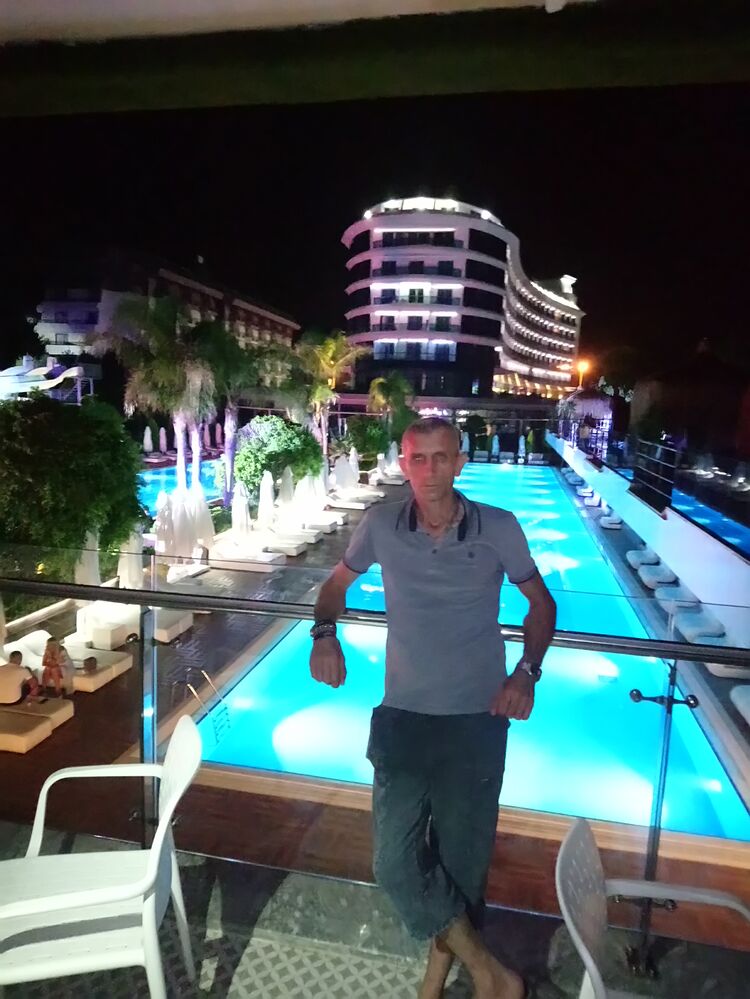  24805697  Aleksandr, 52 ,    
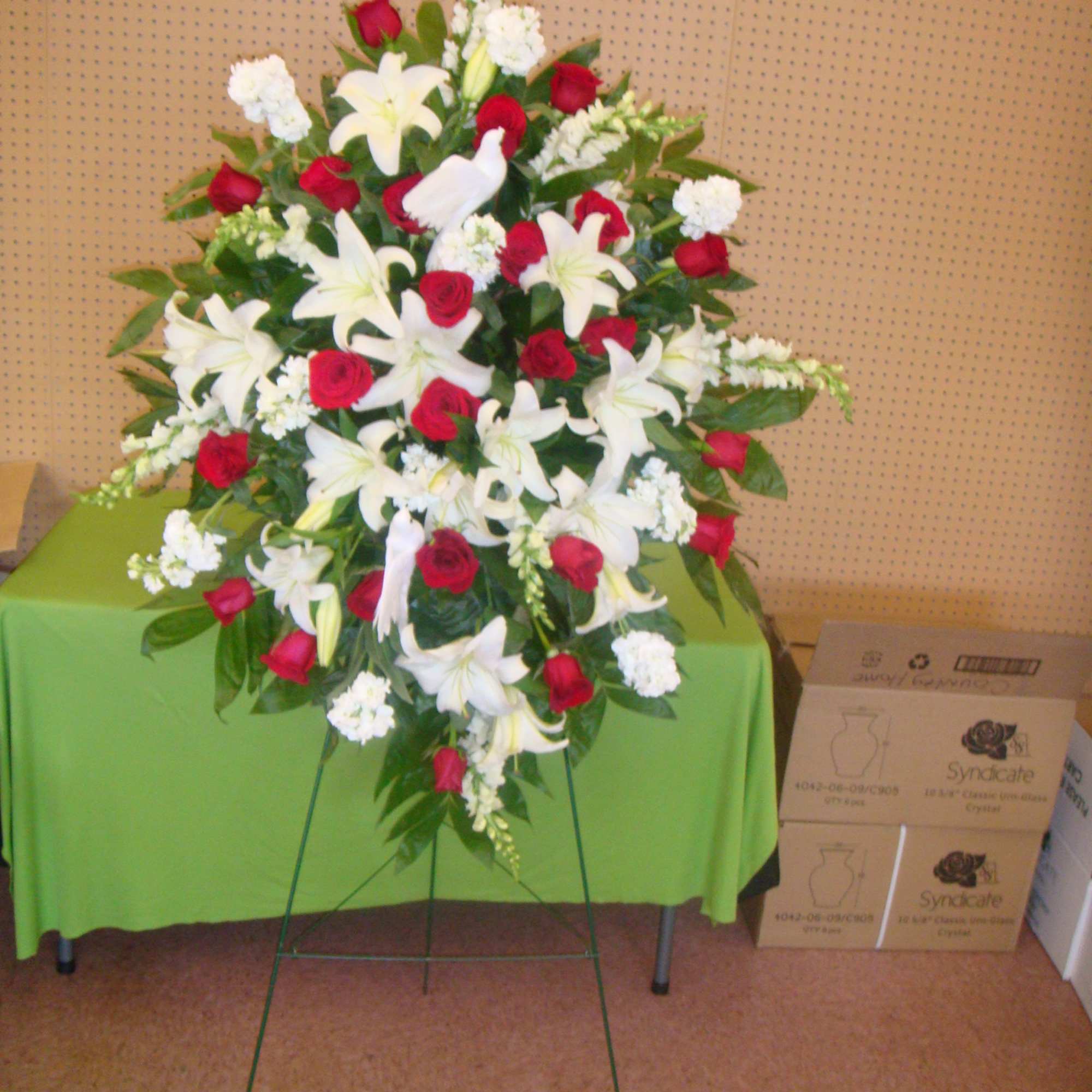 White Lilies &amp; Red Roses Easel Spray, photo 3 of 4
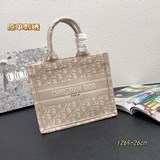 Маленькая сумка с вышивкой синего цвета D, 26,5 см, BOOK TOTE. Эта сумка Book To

Task goal: Retype the listing exactly. Leave the pictures out.

Answer space:
  24805697  Aleksandr, 52 ,    
 White Lilies &amp; Red Roses Easel Spray, photo 3 of 4
 Маленькая сумка с вышивкой синего цвета D, 26,5 см, BOOK TOTE. Эта сумка Book To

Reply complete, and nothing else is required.